Я пропустил матч по баскетболу, потому что просто на него не явился. Так получилось, что еще другой игрок заболел, и в неполном составе они решили не выходить. Запасных у нас не было. Наша школа вылетела из городских соревнований в молчаливом позоре.
Где я был в это время?
За городом. Сидел у небольшого горного озера, грыз соломинку и слушал молчание гор, в котором всегда таилась какая-то угроза. По заброшенным местам я стал шататься реже. Они вдруг перестали быть интересными. Мое паломничество тем не менее продолжалось. Так, я не прекратил странствовать вокруг, да и внутри себя, — просто расширил территорию.

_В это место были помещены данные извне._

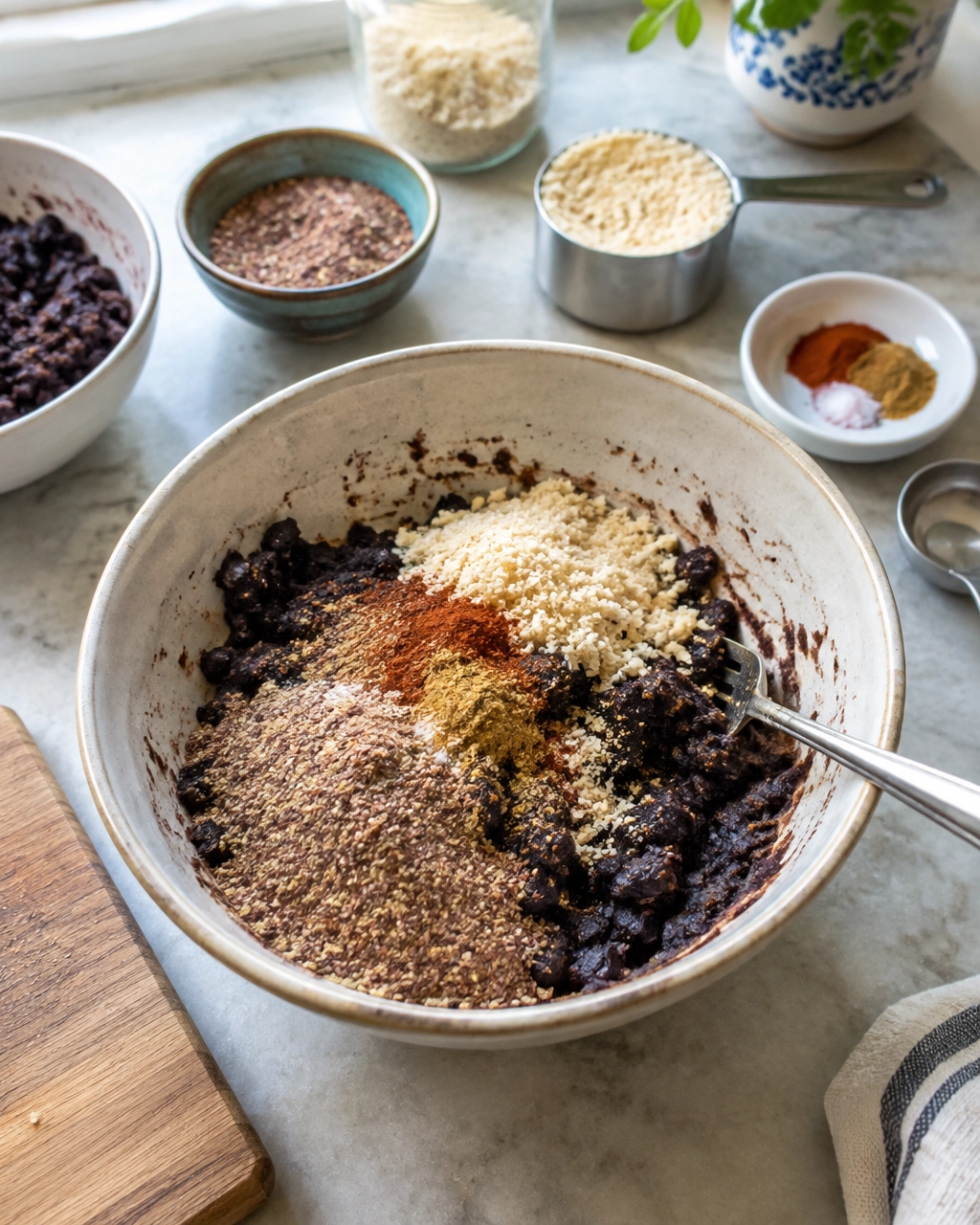 Mashed black beans and burger ingredients being prepared in a real kitchen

Дэн позвонил и спросил, в чем дело, на что я сказал ему правду. Он назвал меня козлом и бросил трубку. Больше мы не разговаривали. Все, что я внезапно приобрел той весной, я так же быстро потерял.
Это было очень долгое лето, без конца и края. Я наблюдал его как кинофильм, иногда не понимая, принимаю ли я в нем участие или же смотрю из зала. Хотя если призадуматься, оно полнилось мелкими, незначительными событиями.

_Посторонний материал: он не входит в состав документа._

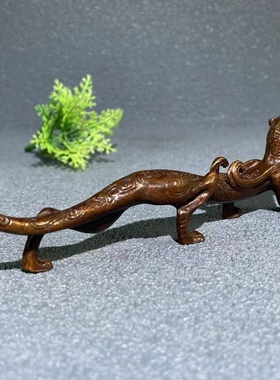 古玩杂项旧藏老紫铜走虎笔架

Например, я устроился на подработку в супермаркет. Разгружал ящики, расставлял продукты по полкам. Со мной работал еще один тип, которого окружающие почему-то записали в мои друзья. У него были длинные волосы, а по правой руке ползла татуированная змея. Я постоянно забывал, как его зовут, поэтому никогда не называл по имени. Он слушал дэт-метал, и казалось, что мы из одной субкультурной среды, хотя это был тот случай, когда схожие вкусы не гарантируют вам мгновенного притяжения.
Как-то он позвал меня на какую-то вечеринку «не таких, как все», и я пошел из интереса. Очень быстро я понял, что люди делают на таких сборищах. Сначала они выпивают несколько литров пива и прибывают готовыми к веселью. Потом напиваются в полнейший хлам уже там и делают что хотят: танцуют, болтают, блюют, обжимаются со всеми по углам…
Я набрался вместе с ними, и правда стало очень весело. Алкоголь — универсальный проводник. Он подключает вас к людям, миру, и все кажется невероятно простым и легким. В голове, конечно, появляется безумная карусель, раскручивающая ваши мозги, но к этому быстро привыкаешь.
Я сидел вместе с кучей незнакомых людей, обнимался с ними и травил шуточки, от которых в трезвом виде никто даже не улыбнулся бы. А мы угорали так, как будто я выдавал хохмы века. Этот новый знакомый без имени хлопал меня по плечу и говорил, что я «мужик что надо».
На вторую попойку я тоже пришел, и на третью. Мама в те дни была со своим ухажером и совсем перестала задавать вопросы.
Я наслушался самых разных историй. Алкоголь всегда подвигает к откровенности, и ко всем появляется участливый настрой.
Притом что я был пьян и весел, я продолжал фиксировать абсолютно все и в деталях помнил каждый вечер. Например, длинноволосый сначала — душа компании, но постепенно скисает и начинает приставать к людям с историями из своего детства. Я узнал, что мать его не хотела и занималась только своими кавалерами. Они его терпеть не могли и постоянно отшивали. Однажды он упал из кроватки, и никто его не поднял.